An active member and volunteer of Congregation Shir Ha-Ma’alot, Waldman also serves as the president of the Orange County Board of Jewish National Fund.  He is also a past president of Morasha Day School.  By his example, Phil teaches others to live a life in which every good deed makes a difference.  Jewish Federation & Family Services’ Solomon Society is honored and proud to name Phil Waldman this year’s Mensch of the Year.
According to Michael Stoll, one of the chairs of the Solomon Society, “We’re fortunate that we have to have a committee to choose the Mensch of the Year.  So many guys have done so much that it’s hard to make a decision.  The Mensch of the Year is someone who has really made a difference.  Phil gets into the trenches and makes things happen.”

About the Solomon Society
According to its website, “The Solomon Society is the place for every Jewish man in Orange County.  It is a fellowship of men who inspire each other through their values and actions.
Solomon Society is where you can enjoy camaraderie through social events and programs with speakers who are opinion leaders and policy makers, missions to Israel and the Jewish world, meaningful volunteer projects and so much more.  It’s where you can make an investment that matters – an investment in our Jewish community. Each member makes a minimum philanthropic investment of $1,000 to Federation in his own name as a statement of personal responsibility for Jews in need at home and abroad.  The collective power of Solomon Society’s philanthropic investments changes lives in Orange County, Israel and around the world.”
The website continues, “Considered the wisest of all men, King Solomon built the temple in Jerusalem.  He is recognized as one of the greatest leaders of the Jewish people, a source of wisdom on religious, judicial and national matters.  He was a skilled communicator whose Biblical writings have inspired millions throughout the ages. Today, inspired by the example of King Solomon, generations of Jewish men in Orange County have a new opportunity to fuel their passion for community building, and affirm their compassion for our people, through the Solomon Society.”
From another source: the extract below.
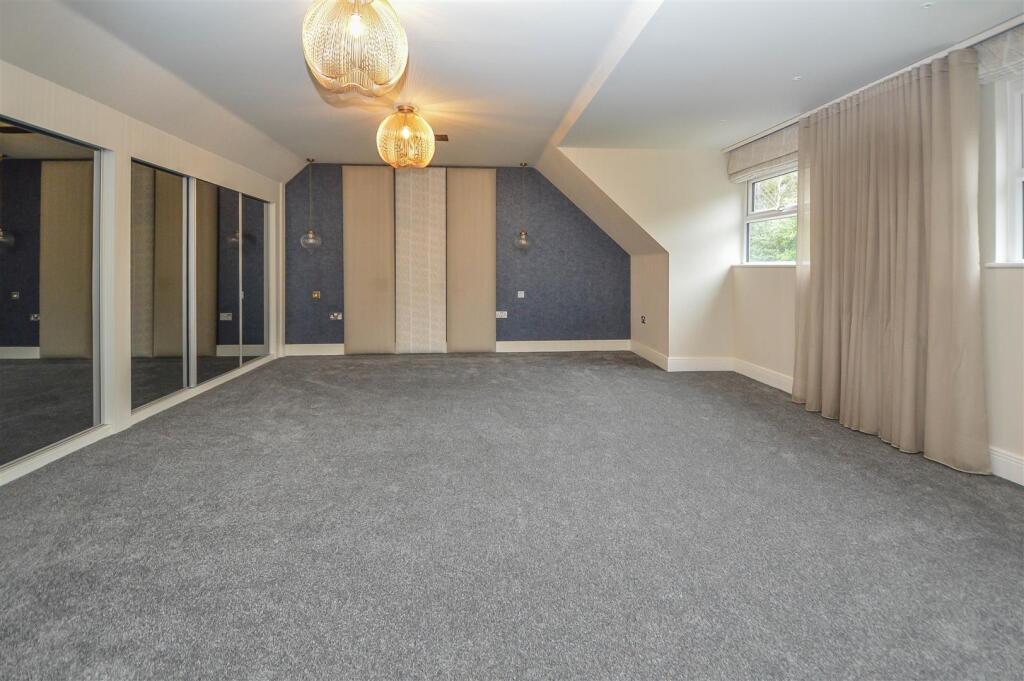 Additional property image - Woodside Place, Great Warley, Brentwood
Through the Generations Fund of Jewish Federation & Family Services, the Solomon Society helps families in crisis, children at risk and Jewish seniors.  Each member makes a minimum philanthropic investment of $1,000 to JFFS in his own name, as a statement of personal responsibility for Jews in need at home and abroad.  This investment is at work right now, providing emergency resources for the unemployed and families in crisis, assistance for senior adults and Holocaust survivors, leadership development for students and young adults, Jewish educational opportunities, support for Jews in Israel and around the world and operating support for the Bureau of Jewish Education, Hillel, Jewish Family Services, the Merage JCC, Hebrew Academy and Tarbut V’Torah.